NBC News: Democrats vote: What the polls show for Biden and Sanders in Michigan, other states.

A Detroit Free Press poll released Monday found that Biden has a 24-point lead over Sanders, with the former vice president drawing 51 percent of Democratic voters’ support to Sanders’ 27 percent. A Monmouth University poll, also released Monday, saw Biden with 51 percent of likely Democratic primary voters, while 36 percent supported Sanders. The RealClearPolitics polling average puts Biden up by 22.6 points.

Still, the Free Press noted, Sanders overcame a similar polling margin to win the state four years ago: The paper’s 2016 survey by the same pollsters gave Hillary Clinton a 25-point lead, but Sanders eventually won by 1.4 percentage points thanks to an unexpected surge of younger voters….

Biden has a narrow lead in Washington after eroding Sanders’ early lead with his Super Tuesday momentum. According to the RealClearPolitics polling average, Biden’s up by 2 points over Sanders.

The progressive-leaning state has 89 delegates — it’s the second-biggest trove of the day after Michigan — and Sanders won it handily in 2016….

Biden is also leading the polls in Missouri and Mississippi. Results in the tiny states of Idaho and North Dakota are anyone’s guess.

Obviously, the coronavirus is is leading the news today, despite the importance of the primaries. Here’s the latest.

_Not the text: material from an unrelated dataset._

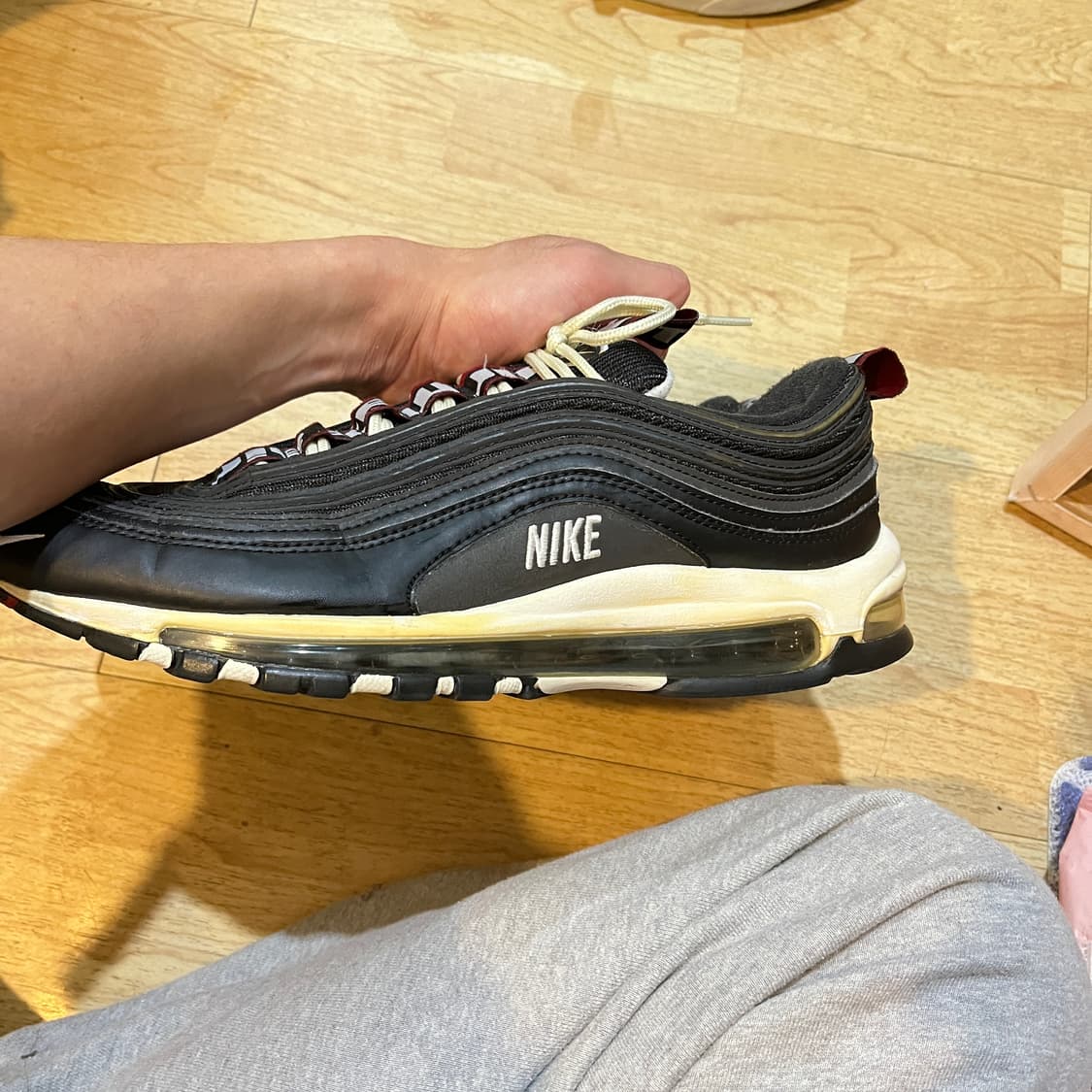 나이키 검흰 맥스 97 프리미엄 풀탭 SE 295mm 상품이미지2
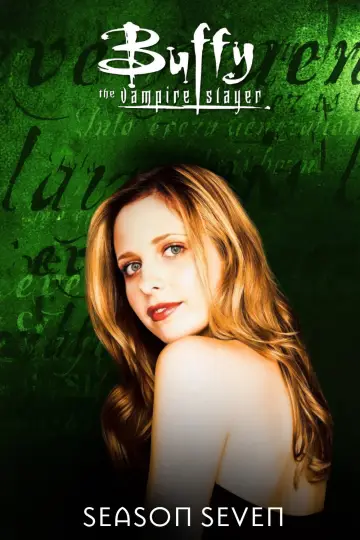 Poster for the TV series "Buffy the Vampire Slayer" #1519956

Is what’s happening in Italy a preview for the U.S.? CBS News: Coronavirus brings Italy’s “darkest hour,” and takes a mounting toll in the U.S.

As Italians woke up to the most severe restrictions on their every-day lives since World War II, China said it was easing virus-control measures in the province where the COVID-19 disease emerged late last year. The contrasting conditions on two of the biggest battlefronts against the virus showed its severity, and the feasibility of corralling and controlling it.

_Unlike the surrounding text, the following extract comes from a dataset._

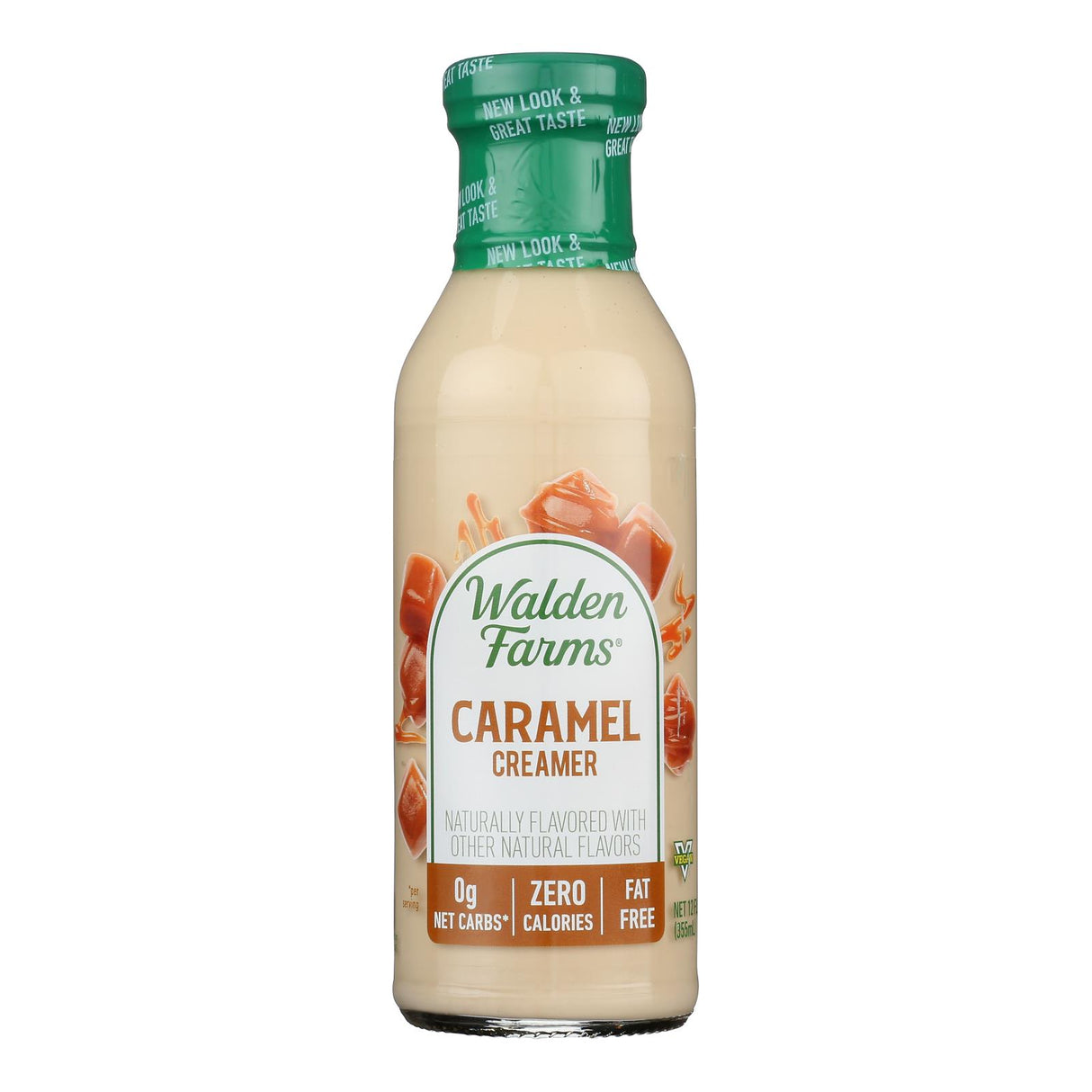 Walden Farms Sugar-Free Coffee Creamer, 6pk | Calorie Free Creamer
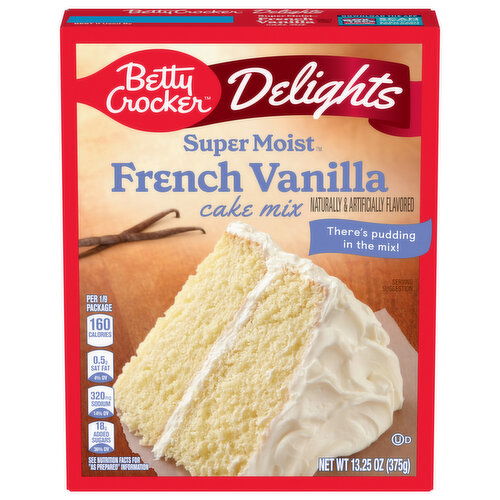 Betty Crocker French Vanilla Cake Mix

AlJazeera: Italy in nationwide lockdown to prevent spread of coronavirus.

Italy has imposed unprecedented travel restrictions on its 60 million people to control the deadly coronavirus outbreak in the country.

“I am going to sign a decree that can be summarised as follows: I stay at home,” Conte said on television, announcing that the entire country would effectively be placed on lockdown from Tuesday.

“Travel must be avoided across the entire peninsula unless it is justified by professional reasons, by cases of need or for health reasons,” Conte said.

These measures extend a quarantine zone that Italy had imposed on its northern heartland around Milan and the greater Lombardy region, Venice, and Pesaro Urbino on Sunday.

The restrictions will run until April 3.

All schools and universities will immediately close. Serie A football matches and all other sporting events are also being suspended for the coming month.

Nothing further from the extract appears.